- Directions
Lines from the beginning of the entries up to and including the one with "Kamar Tidur 7 Hotel Key LaGuardia Airport" must be duplicated word for word; leave out all others.

-- Record excerpts follows --

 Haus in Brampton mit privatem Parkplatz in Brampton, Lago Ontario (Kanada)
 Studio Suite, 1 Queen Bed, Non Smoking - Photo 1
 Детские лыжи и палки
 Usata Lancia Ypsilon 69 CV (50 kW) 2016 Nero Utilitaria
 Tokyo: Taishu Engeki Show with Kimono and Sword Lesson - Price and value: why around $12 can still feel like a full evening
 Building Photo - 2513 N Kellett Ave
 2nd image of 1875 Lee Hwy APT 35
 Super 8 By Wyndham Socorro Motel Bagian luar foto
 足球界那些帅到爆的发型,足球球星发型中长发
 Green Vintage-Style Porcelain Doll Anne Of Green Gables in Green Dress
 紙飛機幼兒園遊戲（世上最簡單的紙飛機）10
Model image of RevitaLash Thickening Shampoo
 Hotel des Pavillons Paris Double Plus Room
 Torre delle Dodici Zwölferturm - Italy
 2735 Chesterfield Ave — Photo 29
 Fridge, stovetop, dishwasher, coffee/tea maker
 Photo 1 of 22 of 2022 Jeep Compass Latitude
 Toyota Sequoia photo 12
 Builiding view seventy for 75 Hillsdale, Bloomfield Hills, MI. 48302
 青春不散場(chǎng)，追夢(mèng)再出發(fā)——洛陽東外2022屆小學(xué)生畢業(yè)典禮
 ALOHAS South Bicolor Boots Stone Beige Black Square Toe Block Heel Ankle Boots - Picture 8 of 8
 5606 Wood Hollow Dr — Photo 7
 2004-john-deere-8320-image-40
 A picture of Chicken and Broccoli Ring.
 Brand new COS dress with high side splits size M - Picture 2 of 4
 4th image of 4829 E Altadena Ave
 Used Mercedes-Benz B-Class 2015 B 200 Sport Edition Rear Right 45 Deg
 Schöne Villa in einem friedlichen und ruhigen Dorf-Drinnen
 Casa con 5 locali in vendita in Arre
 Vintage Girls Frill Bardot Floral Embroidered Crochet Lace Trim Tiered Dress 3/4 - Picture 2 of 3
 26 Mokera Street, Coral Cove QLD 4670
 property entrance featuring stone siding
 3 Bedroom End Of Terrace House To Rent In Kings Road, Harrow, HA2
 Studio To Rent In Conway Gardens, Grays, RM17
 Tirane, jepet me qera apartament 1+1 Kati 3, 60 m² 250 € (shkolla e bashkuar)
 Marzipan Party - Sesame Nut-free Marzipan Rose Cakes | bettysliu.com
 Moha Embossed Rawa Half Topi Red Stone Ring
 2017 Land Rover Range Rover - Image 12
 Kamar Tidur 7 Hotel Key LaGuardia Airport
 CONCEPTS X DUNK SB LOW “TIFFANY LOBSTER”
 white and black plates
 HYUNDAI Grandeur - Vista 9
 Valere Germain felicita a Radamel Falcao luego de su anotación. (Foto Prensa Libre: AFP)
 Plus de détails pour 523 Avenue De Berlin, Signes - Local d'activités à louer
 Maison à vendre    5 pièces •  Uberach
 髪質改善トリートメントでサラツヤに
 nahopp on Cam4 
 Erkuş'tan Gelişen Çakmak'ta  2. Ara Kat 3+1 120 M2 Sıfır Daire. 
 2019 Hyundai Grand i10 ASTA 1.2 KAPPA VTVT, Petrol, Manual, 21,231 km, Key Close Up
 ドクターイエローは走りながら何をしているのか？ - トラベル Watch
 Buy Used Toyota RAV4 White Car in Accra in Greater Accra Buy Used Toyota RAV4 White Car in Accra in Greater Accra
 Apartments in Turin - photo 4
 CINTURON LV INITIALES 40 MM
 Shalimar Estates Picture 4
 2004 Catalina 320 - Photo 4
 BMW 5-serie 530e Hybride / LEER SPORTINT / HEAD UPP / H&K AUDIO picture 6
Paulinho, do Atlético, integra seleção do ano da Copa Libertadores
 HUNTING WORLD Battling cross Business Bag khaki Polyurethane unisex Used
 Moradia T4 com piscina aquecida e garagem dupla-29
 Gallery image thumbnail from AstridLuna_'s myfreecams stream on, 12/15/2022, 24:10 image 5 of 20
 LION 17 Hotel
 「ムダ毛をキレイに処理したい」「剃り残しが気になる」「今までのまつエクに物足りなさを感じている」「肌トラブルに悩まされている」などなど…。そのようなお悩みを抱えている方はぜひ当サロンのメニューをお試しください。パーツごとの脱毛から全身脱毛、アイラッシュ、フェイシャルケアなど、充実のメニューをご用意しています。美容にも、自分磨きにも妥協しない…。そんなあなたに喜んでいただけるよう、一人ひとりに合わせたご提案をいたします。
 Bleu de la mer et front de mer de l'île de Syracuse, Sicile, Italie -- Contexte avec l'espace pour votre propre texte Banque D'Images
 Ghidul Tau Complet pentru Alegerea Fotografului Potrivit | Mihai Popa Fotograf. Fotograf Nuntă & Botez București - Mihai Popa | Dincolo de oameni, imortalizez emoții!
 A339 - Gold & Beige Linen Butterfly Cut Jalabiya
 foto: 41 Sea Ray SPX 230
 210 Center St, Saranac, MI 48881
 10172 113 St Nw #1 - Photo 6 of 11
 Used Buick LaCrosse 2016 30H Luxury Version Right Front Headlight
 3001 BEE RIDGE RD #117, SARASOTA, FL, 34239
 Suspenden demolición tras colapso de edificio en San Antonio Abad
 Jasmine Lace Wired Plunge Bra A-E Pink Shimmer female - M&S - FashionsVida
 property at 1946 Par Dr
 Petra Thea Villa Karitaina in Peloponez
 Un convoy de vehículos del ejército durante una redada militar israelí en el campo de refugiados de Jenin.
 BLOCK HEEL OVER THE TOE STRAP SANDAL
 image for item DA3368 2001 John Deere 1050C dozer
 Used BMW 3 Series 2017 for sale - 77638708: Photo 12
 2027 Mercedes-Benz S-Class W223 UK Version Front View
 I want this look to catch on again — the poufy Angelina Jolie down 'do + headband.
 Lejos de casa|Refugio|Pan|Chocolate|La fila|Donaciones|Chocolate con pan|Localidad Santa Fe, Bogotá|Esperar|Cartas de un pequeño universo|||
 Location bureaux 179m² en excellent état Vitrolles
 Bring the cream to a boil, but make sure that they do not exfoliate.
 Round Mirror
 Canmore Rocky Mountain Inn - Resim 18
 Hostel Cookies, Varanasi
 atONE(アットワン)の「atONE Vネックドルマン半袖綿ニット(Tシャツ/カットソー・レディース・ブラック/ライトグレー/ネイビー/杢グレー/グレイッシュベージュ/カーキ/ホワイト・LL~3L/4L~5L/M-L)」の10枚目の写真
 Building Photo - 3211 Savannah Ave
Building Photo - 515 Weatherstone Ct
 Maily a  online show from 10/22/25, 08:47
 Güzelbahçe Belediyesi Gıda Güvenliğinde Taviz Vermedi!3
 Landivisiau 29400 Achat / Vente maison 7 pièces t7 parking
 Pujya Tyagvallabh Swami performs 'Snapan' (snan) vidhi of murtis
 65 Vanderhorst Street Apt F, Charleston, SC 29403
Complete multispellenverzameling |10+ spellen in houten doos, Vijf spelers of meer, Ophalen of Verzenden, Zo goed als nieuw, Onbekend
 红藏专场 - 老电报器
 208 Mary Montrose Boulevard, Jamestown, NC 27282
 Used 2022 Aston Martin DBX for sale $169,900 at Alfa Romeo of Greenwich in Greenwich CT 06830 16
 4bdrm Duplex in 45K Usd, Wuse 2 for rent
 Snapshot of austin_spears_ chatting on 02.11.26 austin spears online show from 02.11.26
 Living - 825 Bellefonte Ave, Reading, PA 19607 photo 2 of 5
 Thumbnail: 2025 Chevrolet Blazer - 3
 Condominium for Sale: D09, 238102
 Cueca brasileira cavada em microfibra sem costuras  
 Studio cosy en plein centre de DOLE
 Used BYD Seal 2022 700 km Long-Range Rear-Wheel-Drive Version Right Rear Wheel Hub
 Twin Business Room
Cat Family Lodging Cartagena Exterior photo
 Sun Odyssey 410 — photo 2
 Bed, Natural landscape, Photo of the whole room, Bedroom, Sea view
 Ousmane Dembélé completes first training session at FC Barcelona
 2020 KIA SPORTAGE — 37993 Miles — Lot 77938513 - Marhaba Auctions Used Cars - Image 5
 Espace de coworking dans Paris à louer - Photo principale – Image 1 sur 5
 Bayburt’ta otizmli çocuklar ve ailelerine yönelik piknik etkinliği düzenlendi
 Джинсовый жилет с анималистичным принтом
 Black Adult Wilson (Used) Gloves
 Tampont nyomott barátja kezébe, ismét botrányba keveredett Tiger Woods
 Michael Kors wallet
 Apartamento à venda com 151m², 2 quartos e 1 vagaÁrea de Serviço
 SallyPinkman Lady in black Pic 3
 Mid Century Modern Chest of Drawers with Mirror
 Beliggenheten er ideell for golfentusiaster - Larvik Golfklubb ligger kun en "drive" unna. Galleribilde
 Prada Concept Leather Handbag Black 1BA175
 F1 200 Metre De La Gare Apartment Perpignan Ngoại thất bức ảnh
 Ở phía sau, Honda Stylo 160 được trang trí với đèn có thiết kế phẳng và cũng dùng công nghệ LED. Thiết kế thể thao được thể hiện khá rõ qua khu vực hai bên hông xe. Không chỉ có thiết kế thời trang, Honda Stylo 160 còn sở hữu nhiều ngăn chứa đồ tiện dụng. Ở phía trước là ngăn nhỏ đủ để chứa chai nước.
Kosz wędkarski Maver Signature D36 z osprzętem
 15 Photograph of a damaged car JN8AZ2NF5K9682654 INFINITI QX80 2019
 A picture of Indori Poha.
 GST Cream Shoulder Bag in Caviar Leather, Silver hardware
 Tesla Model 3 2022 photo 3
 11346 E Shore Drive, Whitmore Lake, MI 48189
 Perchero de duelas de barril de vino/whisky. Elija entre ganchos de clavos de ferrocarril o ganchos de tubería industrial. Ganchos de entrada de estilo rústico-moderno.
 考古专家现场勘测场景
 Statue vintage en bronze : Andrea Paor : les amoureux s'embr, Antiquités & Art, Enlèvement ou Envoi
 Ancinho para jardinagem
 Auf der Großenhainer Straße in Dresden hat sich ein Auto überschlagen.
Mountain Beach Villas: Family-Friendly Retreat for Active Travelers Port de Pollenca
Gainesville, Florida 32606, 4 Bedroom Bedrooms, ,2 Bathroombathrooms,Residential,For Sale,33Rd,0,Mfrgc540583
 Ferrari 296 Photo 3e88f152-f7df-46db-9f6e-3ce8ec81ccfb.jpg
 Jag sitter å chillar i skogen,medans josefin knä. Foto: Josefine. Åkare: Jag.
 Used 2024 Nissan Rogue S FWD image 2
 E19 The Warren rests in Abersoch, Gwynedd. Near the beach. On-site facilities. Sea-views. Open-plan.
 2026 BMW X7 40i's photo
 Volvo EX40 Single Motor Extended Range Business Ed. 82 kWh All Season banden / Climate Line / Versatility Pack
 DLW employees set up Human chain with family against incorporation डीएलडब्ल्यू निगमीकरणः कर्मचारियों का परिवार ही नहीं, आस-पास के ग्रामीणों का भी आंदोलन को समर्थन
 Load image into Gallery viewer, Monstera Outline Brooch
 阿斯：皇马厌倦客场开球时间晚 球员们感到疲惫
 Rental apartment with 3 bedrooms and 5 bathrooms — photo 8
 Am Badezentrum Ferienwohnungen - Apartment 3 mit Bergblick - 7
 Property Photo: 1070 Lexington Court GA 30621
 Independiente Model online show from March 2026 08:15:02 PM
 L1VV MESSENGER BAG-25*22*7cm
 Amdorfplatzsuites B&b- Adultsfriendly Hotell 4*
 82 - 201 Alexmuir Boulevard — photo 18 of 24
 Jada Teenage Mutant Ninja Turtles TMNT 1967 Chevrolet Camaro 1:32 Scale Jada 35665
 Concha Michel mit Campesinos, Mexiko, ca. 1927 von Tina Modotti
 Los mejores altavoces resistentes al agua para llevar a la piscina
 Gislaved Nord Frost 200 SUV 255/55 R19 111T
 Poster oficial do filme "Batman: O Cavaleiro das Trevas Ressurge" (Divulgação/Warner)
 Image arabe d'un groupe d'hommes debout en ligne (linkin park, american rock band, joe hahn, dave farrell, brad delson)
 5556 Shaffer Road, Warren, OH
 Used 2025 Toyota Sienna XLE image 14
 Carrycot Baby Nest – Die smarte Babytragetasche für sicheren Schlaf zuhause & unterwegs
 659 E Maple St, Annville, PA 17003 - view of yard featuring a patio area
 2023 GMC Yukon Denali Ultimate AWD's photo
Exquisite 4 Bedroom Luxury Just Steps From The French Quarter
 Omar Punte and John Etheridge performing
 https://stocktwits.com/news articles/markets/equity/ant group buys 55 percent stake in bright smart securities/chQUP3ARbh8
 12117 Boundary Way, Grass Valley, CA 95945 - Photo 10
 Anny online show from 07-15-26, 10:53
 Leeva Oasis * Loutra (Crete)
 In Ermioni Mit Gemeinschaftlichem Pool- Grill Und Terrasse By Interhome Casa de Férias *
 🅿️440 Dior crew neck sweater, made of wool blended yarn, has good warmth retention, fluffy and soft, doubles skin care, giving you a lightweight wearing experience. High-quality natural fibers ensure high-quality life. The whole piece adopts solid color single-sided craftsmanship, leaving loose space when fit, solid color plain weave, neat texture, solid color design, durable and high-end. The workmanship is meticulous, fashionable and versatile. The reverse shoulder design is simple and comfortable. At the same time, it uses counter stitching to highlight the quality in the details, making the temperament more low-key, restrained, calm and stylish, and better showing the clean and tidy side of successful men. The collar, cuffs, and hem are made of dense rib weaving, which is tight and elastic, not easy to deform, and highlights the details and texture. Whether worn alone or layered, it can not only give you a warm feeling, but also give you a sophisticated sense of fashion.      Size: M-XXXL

-- Record excerpts concluded --

- Written response
 Haus in Brampton mit privatem Parkplatz in Brampton, Lago Ontario (Kanada)
 Studio Suite, 1 Queen Bed, Non Smoking - Photo 1
 Детские лыжи и палки
 Usata Lancia Ypsilon 69 CV (50 kW) 2016 Nero Utilitaria
 Tokyo: Taishu Engeki Show with Kimono and Sword Lesson - Price and value: why around $12 can still feel like a full evening
 Building Photo - 2513 N Kellett Ave
 2nd image of 1875 Lee Hwy APT 35
 Super 8 By Wyndham Socorro Motel Bagian luar foto
 足球界那些帅到爆的发型,足球球星发型中长发
 Green Vintage-Style Porcelain Doll Anne Of Green Gables in Green Dress
 紙飛機幼兒園遊戲（世上最簡單的紙飛機）10
Model image of RevitaLash Thickening Shampoo
 Hotel des Pavillons Paris Double Plus Room
 Torre delle Dodici Zwölferturm - Italy
 2735 Chesterfield Ave — Photo 29
 Fridge, stovetop, dishwasher, coffee/tea maker
 Photo 1 of 22 of 2022 Jeep Compass Latitude
 Toyota Sequoia photo 12
 Builiding view seventy for 75 Hillsdale, Bloomfield Hills, MI. 48302
 青春不散場(chǎng)，追夢(mèng)再出發(fā)——洛陽東外2022屆小學(xué)生畢業(yè)典禮
 ALOHAS South Bicolor Boots Stone Beige Black Square Toe Block Heel Ankle Boots - Picture 8 of 8
 5606 Wood Hollow Dr — Photo 7
 2004-john-deere-8320-image-40
 A picture of Chicken and Broccoli Ring.
 Brand new COS dress with high side splits size M - Picture 2 of 4
 4th image of 4829 E Altadena Ave
 Used Mercedes-Benz B-Class 2015 B 200 Sport Edition Rear Right 45 Deg
 Schöne Villa in einem friedlichen und ruhigen Dorf-Drinnen
 Casa con 5 locali in vendita in Arre
 Vintage Girls Frill Bardot Floral Embroidered Crochet Lace Trim Tiered Dress 3/4 - Picture 2 of 3
 26 Mokera Street, Coral Cove QLD 4670
 property entrance featuring stone siding
 3 Bedroom End Of Terrace House To Rent In Kings Road, Harrow, HA2
 Studio To Rent In Conway Gardens, Grays, RM17
 Tirane, jepet me qera apartament 1+1 Kati 3, 60 m² 250 € (shkolla e bashkuar)
 Marzipan Party - Sesame Nut-free Marzipan Rose Cakes | bettysliu.com
 Moha Embossed Rawa Half Topi Red Stone Ring
 2017 Land Rover Range Rover - Image 12
 Kamar Tidur 7 Hotel Key LaGuardia Airport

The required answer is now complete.